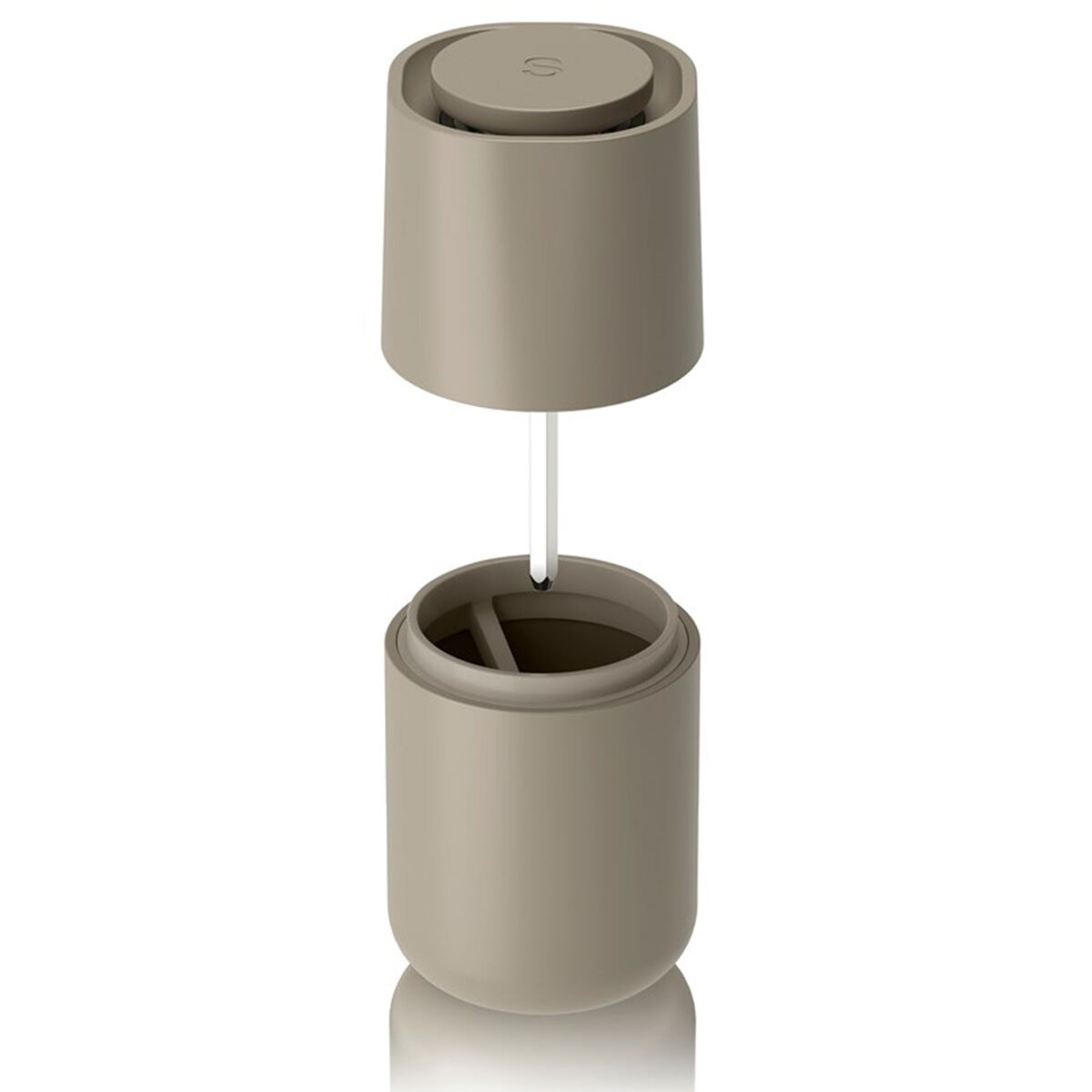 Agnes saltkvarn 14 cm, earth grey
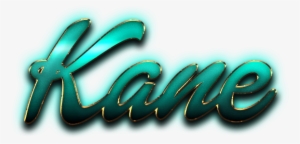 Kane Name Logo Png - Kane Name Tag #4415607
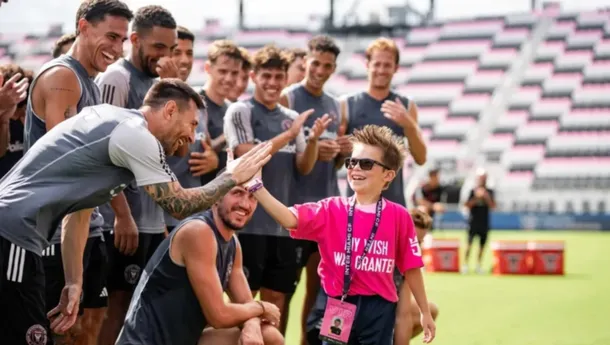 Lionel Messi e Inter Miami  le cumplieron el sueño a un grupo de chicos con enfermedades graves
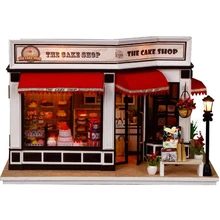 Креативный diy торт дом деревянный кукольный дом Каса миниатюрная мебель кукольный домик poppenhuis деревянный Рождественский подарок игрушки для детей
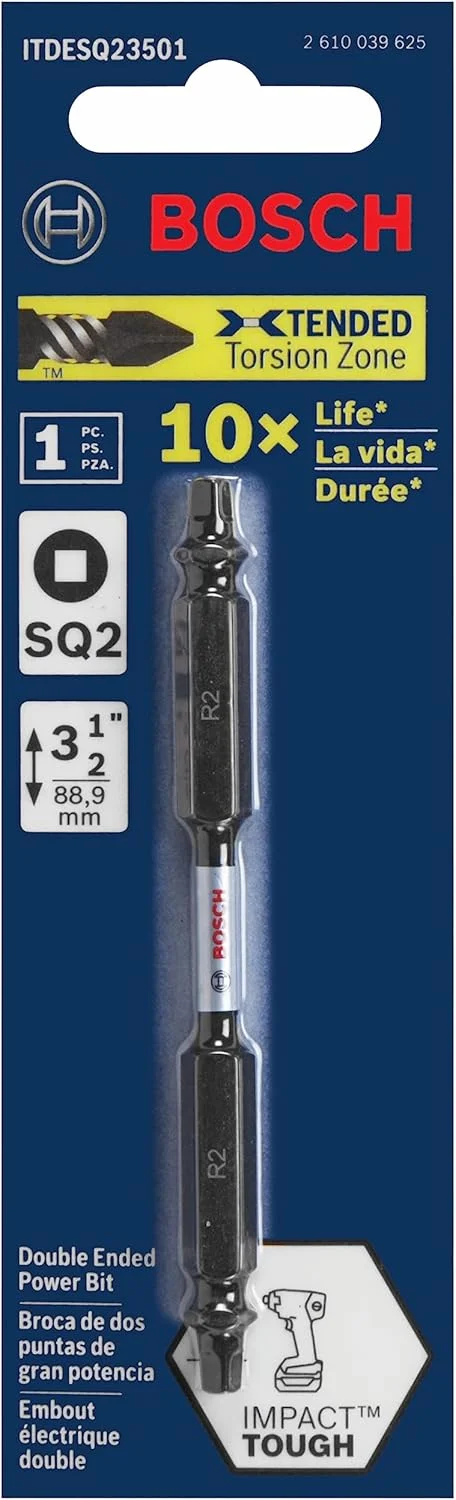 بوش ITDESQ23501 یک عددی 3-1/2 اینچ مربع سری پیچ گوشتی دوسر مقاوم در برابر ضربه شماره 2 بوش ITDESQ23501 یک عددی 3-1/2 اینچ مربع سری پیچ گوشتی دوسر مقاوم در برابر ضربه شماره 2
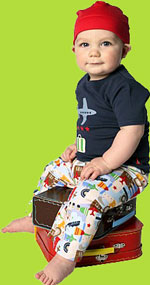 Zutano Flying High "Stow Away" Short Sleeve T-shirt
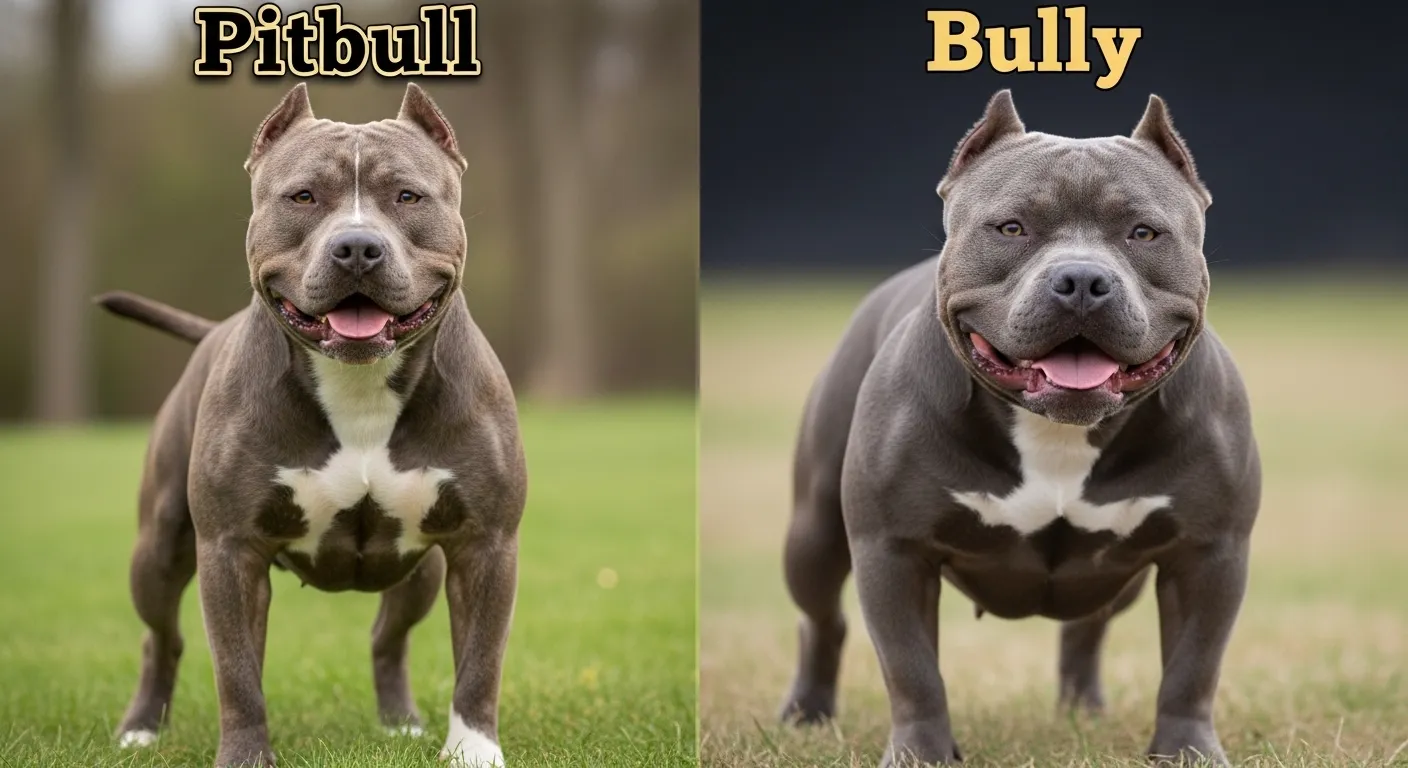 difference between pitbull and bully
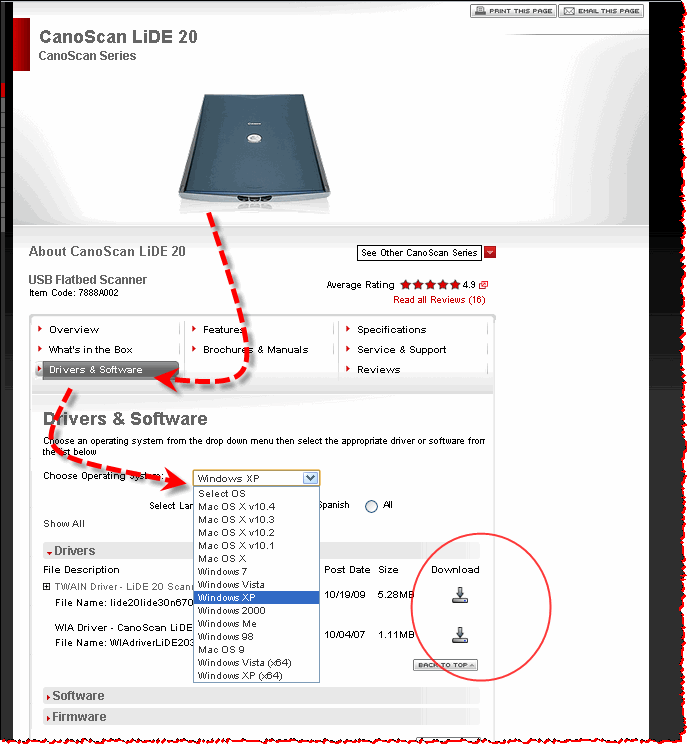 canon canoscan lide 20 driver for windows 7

◇ ◇ ◇ ◇ ◇

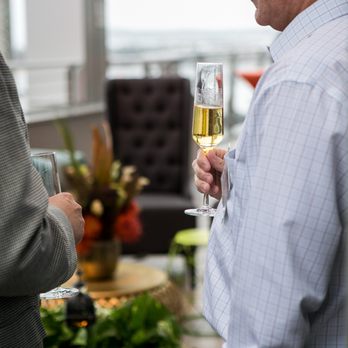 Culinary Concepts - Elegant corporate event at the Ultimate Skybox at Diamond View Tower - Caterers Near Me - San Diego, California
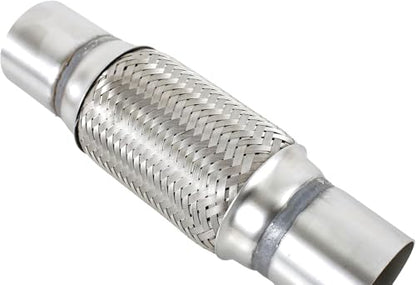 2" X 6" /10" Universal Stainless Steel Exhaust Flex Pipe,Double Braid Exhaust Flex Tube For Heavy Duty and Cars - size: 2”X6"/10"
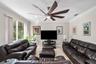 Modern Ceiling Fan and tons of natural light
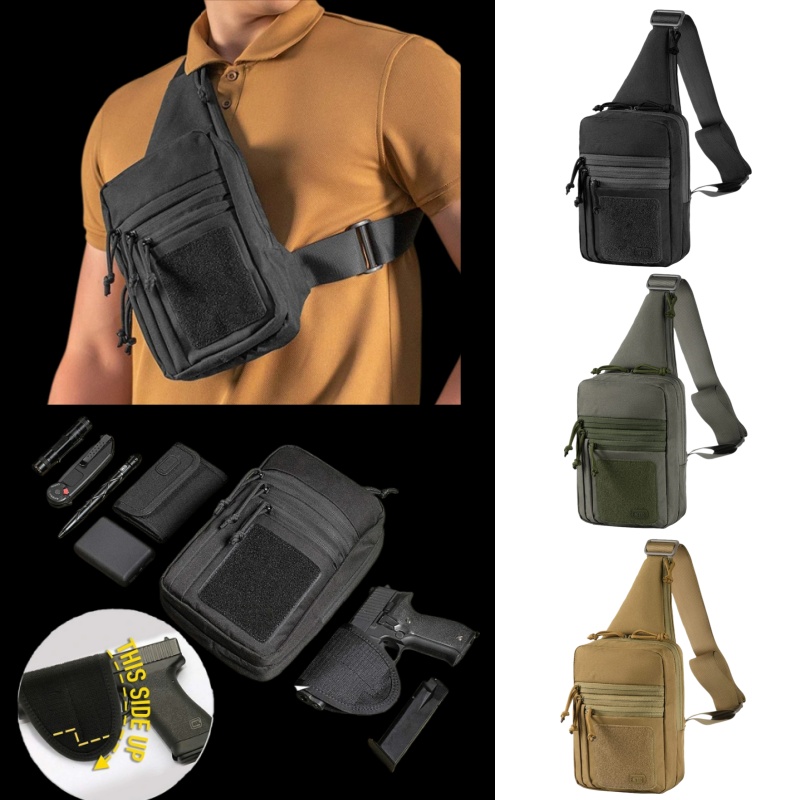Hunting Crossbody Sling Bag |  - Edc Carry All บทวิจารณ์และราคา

◇ ◇ ◇ ◇ ◇

-- PROBLEM TO WORK ON --
Output exactly, and only, the lines of the entries above from the one with "Culinary Concepts - Elegant" up to and including the one with "Hunting Crossbody Sling"; pictures are to be left out.

-- EXERCISE RESPONSE --
 Culinary Concepts - Elegant corporate event at the Ultimate Skybox at Diamond View Tower - Caterers Near Me - San Diego, California
 2" X 6" /10" Universal Stainless Steel Exhaust Flex Pipe,Double Braid Exhaust Flex Tube For Heavy Duty and Cars - size: 2”X6"/10"
 Modern Ceiling Fan and tons of natural light
Hunting Crossbody Sling Bag |  - Edc Carry All บทวิจารณ์และราคา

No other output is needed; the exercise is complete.